Restate the records below word for word, and omit the images they hold.

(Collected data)
= Beginning of Section =

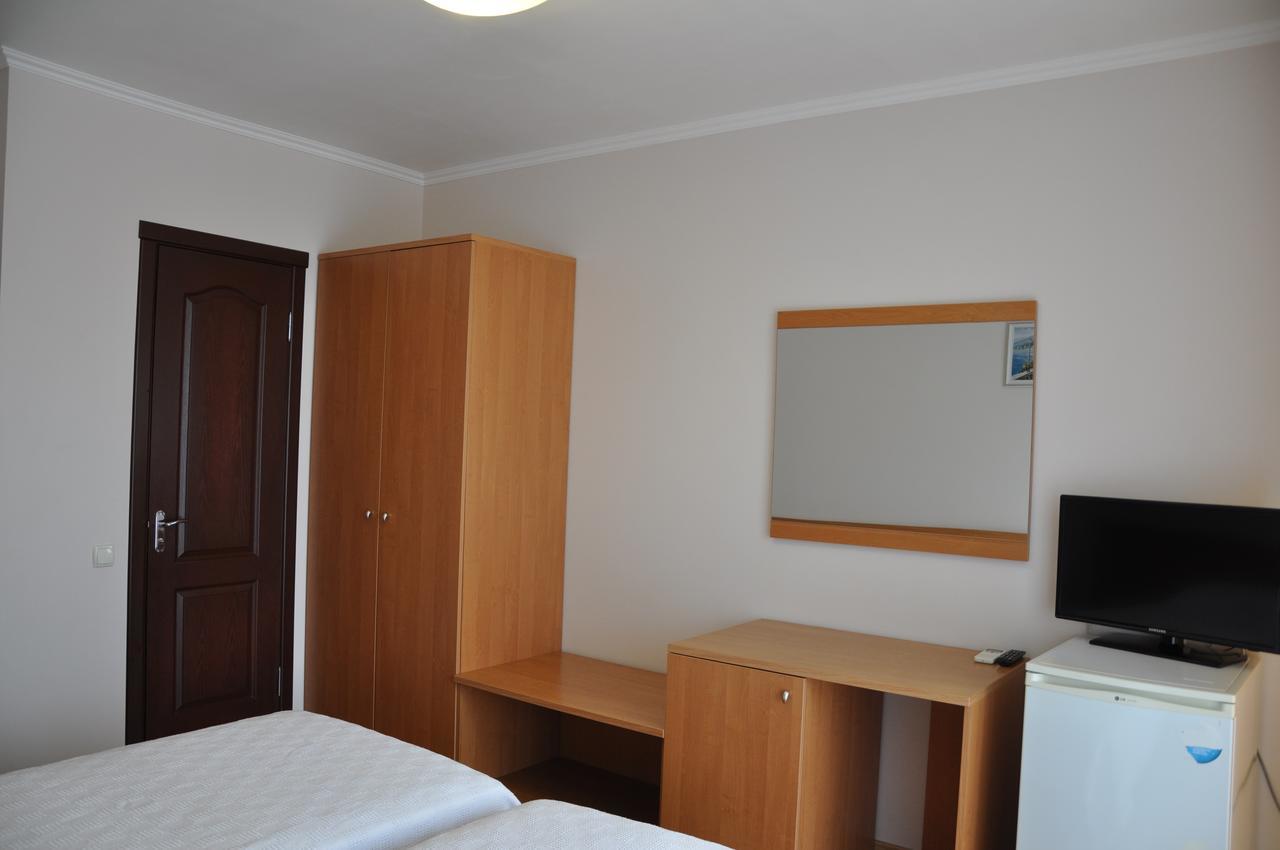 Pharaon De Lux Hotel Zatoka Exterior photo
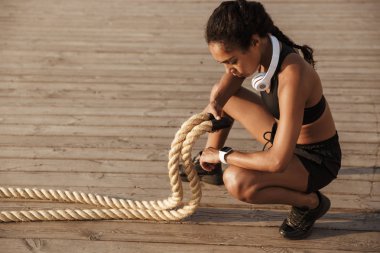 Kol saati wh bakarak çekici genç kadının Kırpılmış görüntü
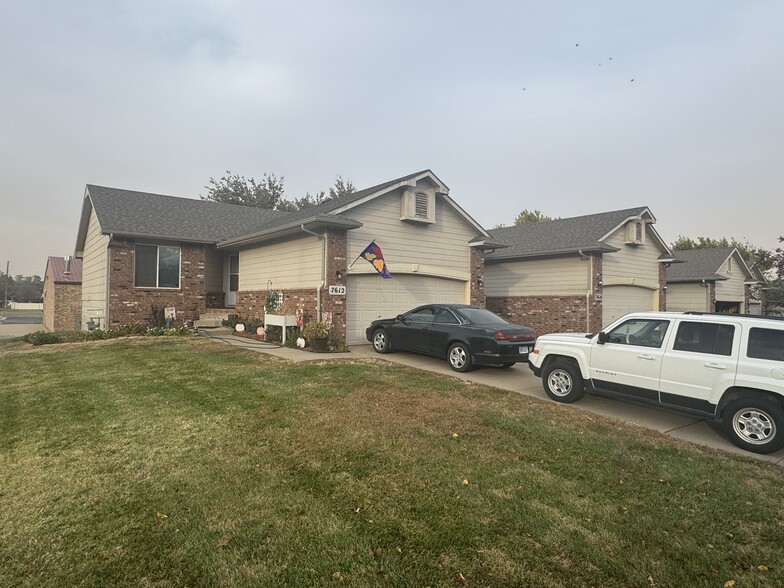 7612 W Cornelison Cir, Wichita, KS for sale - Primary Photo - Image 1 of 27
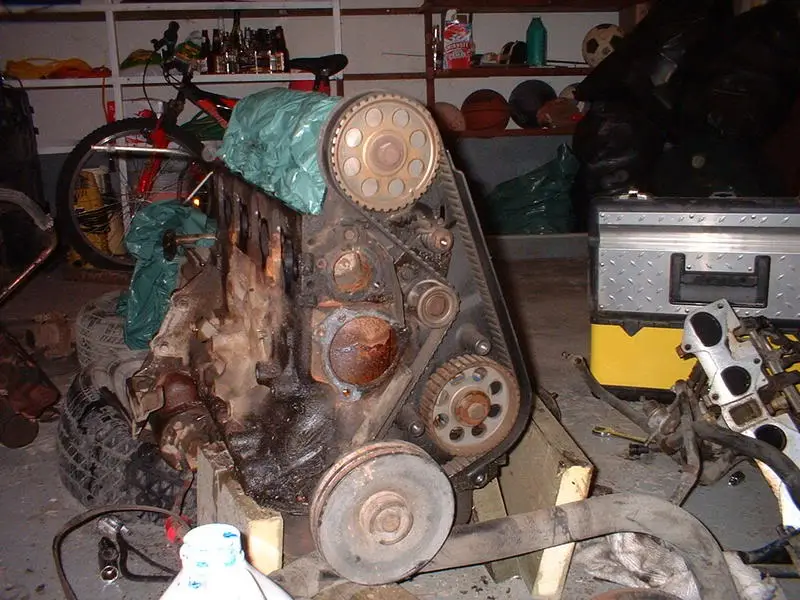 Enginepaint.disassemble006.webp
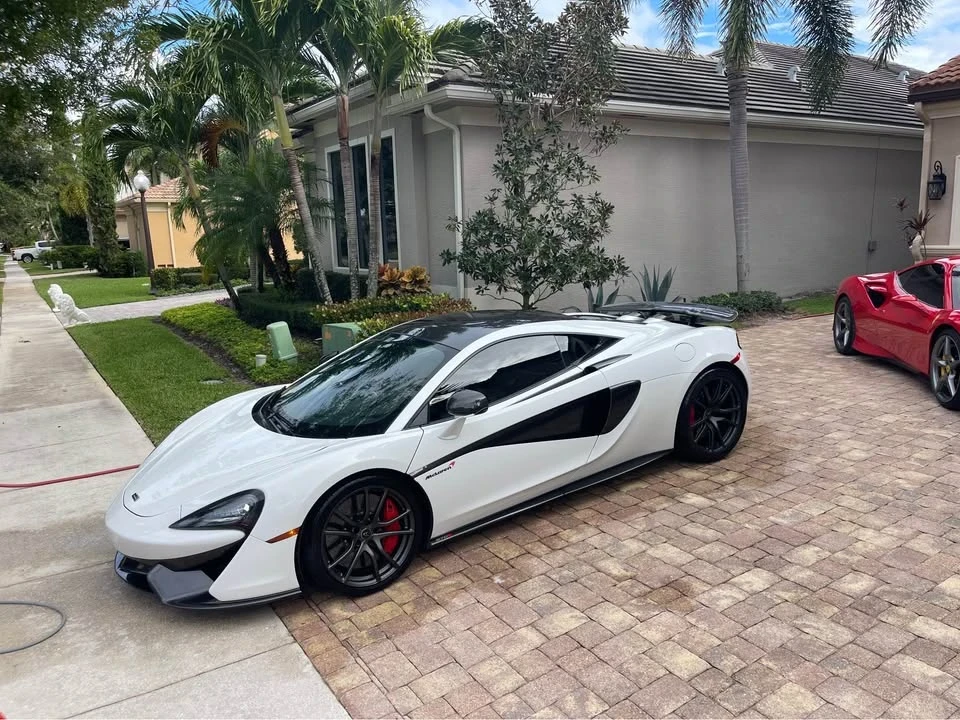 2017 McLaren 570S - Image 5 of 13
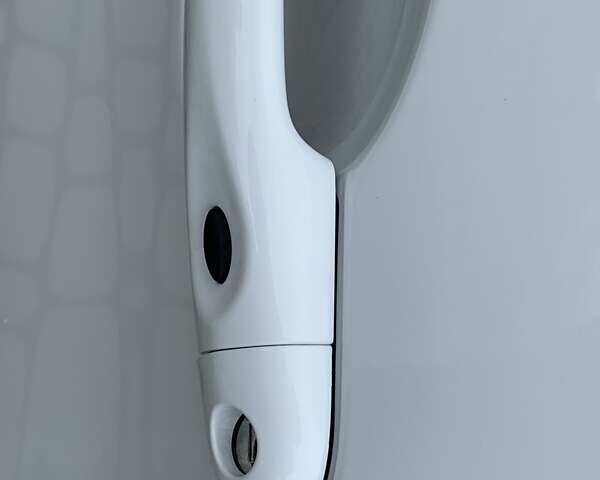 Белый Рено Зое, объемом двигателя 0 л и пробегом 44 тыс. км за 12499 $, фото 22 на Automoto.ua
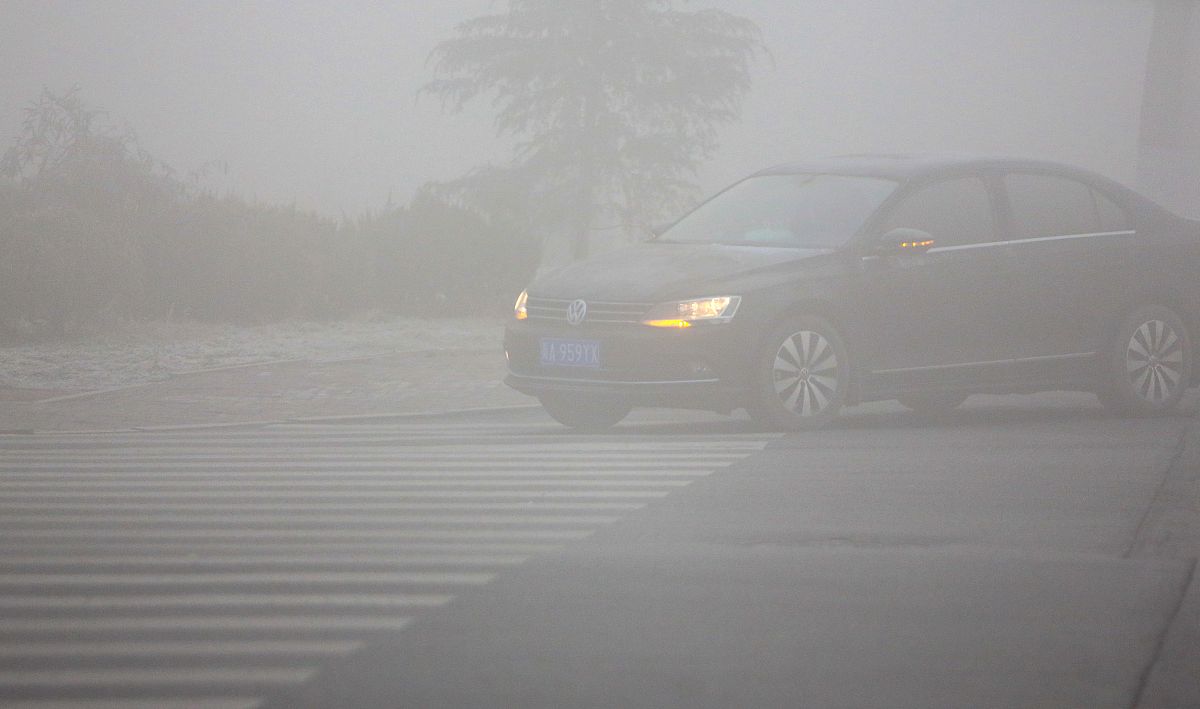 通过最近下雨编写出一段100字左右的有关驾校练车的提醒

= End of Section =

**Solution to this problem**
 Pharaon De Lux Hotel Zatoka Exterior photo
 Kol saati wh bakarak çekici genç kadının Kırpılmış görüntü
 7612 W Cornelison Cir, Wichita, KS for sale - Primary Photo - Image 1 of 27
 Enginepaint.disassemble006.webp
 2017 McLaren 570S - Image 5 of 13
 Белый Рено Зое, объемом двигателя 0 л и пробегом 44 тыс. км за 12499 $, фото 22 на Automoto.ua
 通过最近下雨编写出一段100字左右的有关驾校练车的提醒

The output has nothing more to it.